Dass es auf Friedhöfen regelmäßig zu Diebstählen kommt, ist natürlich auch Müller nicht entgangen. Passiert sei zwar noch nichts, dennoch trägt die 61-Jährige eine begründete Angst mit sich um die Dinge, mit denen sie das Grab ihres Sohnes geschmückt hat. „Das liegt da ja wie auf dem Serviertablett.“
Die in der Regel gut organisierten Grabschmuckdiebe würde ein geschlossenes Tor wahrscheinlich nicht von ihrem Tun abhalten, aber so werde ihnen der Abtransport ihrer Beute mit einem Fahrzeug ja auch noch erleichtert, findet Müller.
Aber nicht nur die möglichen Diebe, auch Friedhofsbesucher sorgen bei der Dörnigheimerin für erhöhten Puls. Denn immer wieder beobachte sie, wie einige mit ihren Pkw auf das Gelände fahren – was eigentlich nur den Friedhofsmitarbeitern, dem städtischen Betriebshof und den Bestattern erlaubt ist. Das steht auch auf einem Verbotsschild am Eingang. Doch wer achtet schon darauf, wenn das Tor so schön weit offen steht.

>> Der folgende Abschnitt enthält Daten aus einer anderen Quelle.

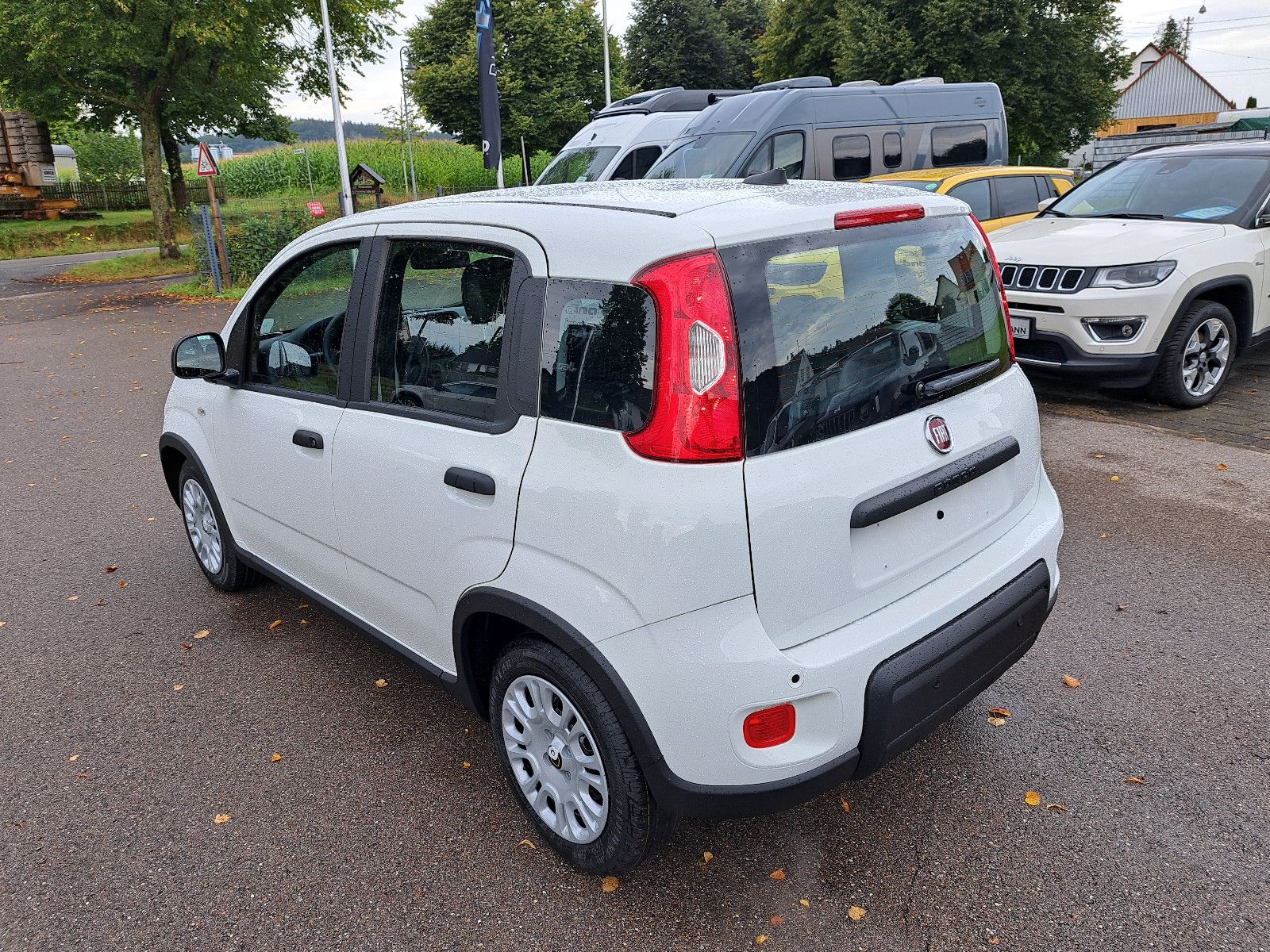 Fahrzeugabbildung Fiat Panda Pandina Cross / Virtual Cockpit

Müller kann mittlerweile gar nicht mehr zählen, wie oft sie sich deswegen schon an die städtische Friedhofsverwaltung gewandt hat: „Die schnaufen schon durch, wenn sie meine Stimme am Telefon hören.“ Sie ist überzeugt, dass es helfen würde, wenn die Friedhöfe in den Abendstunden abgeschlossen würden – so wie es in Frankfurt der Fall sei. Doch offizielle Öffnungs- und Schließzeiten gibt es auf Maintals Friedhöfen nicht, genauso wenig wie einen Dienst, der die Zugänge abschließt.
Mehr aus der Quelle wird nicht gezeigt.